Until Marcus crossed the room.
At first, I thought he was heading for someone else. Someone standing behind me. Someone who still belonged in that space.
But he stopped right in front of me.
“Hey,” he said, like it was the most normal thing in the world.
I didn’t know what to do with that.
“You hiding over here?” he asked.
“Is it hiding if everyone can see me?”
He paused, and something in his expression softened.
“Fair point,” he said.
Then he held out his hand.
“Would you like to dance?”
I stared at him. “Marcus, I can’t.”
He nodded once, like that wasn’t the end of the conversation.
“Okay,” he said. “Then we’ll figure out what dancing looks like.”
Before I could protest, he wheeled me onto the floor.
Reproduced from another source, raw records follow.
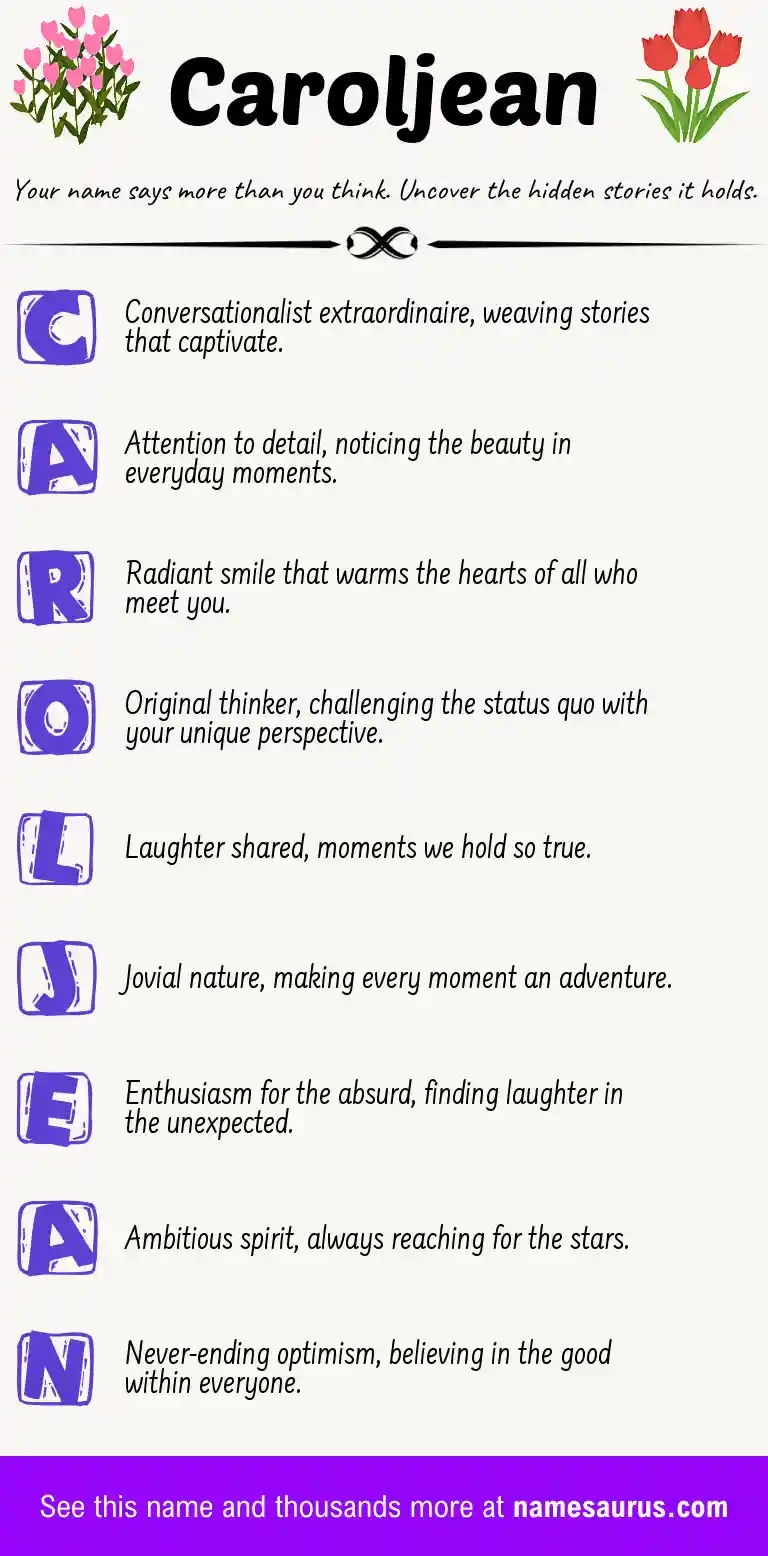 Acrostic poem about Caroljean.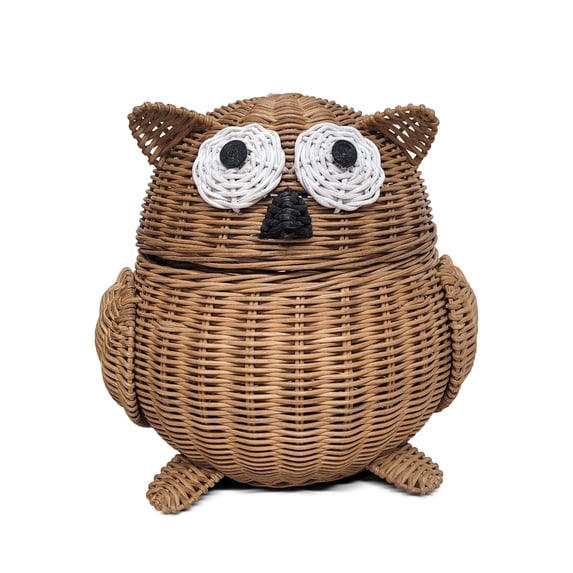 Brown Owl Rattan Storage Basket with Lid Decorative Home Decor Hand Woven Shelf Organizer Cute Handmade Handcrafted Gift Art Decoration Artwork Wicker Size: Small, 7" tall x 6.5" wide x 5.5" deep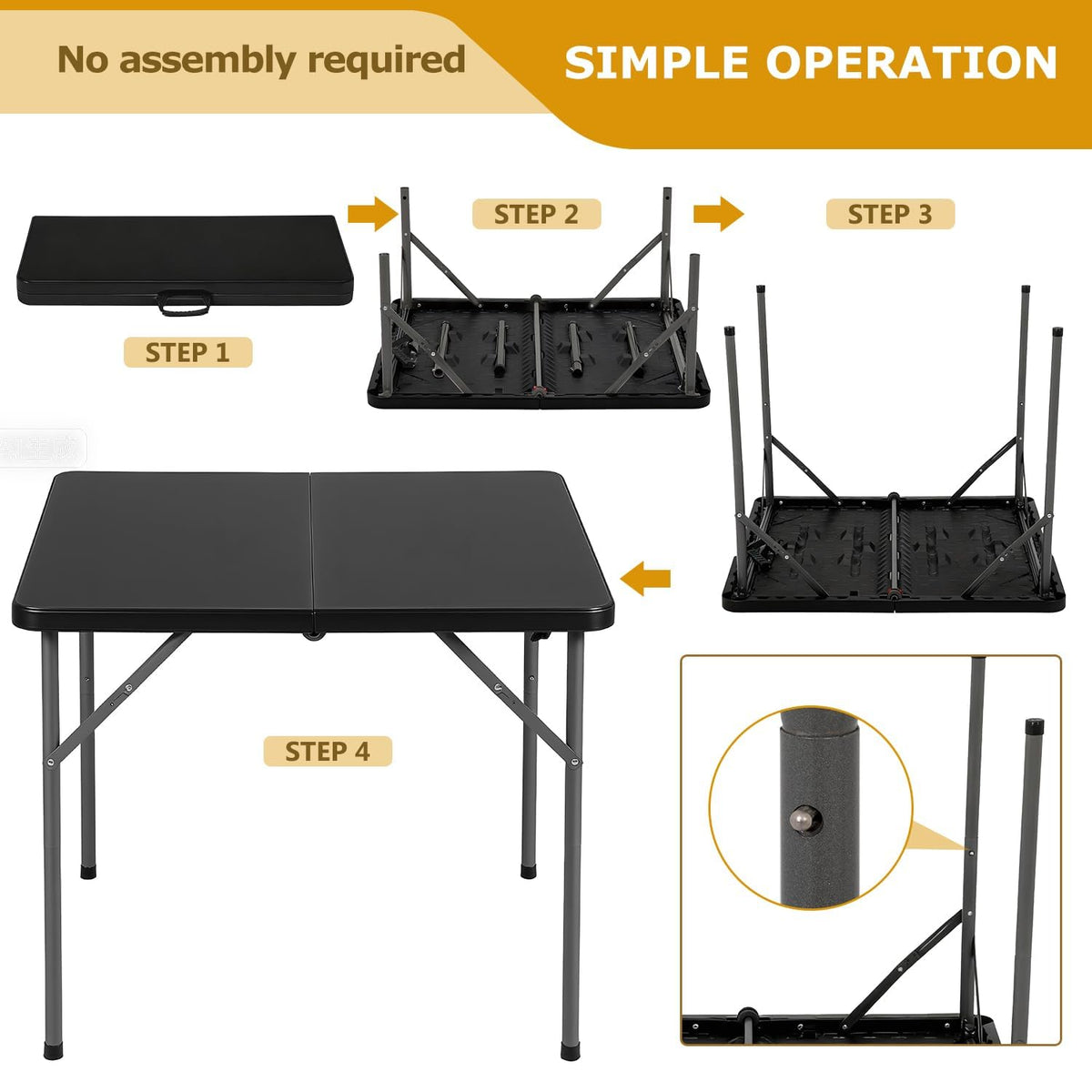 34" Black Folding Card Table B175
I went rigid. “People are staring.”
“They were already staring,” he said. “Might as well give them something worth looking at.”
And somehow… I laughed.
He didn’t dance around me.
He danced with me.
He spun the chair slowly at first, then a little faster when he saw I wasn’t afraid. He held my hands like they mattered. Like I mattered.
“For the record,” I told him, “this is insane.”
“For the record,” he said, grinning, “you’re smiling.”
And I was.
That night didn’t fix anything. It didn’t change my diagnosis or erase the months ahead.
But it gave me something I didn’t have anymore.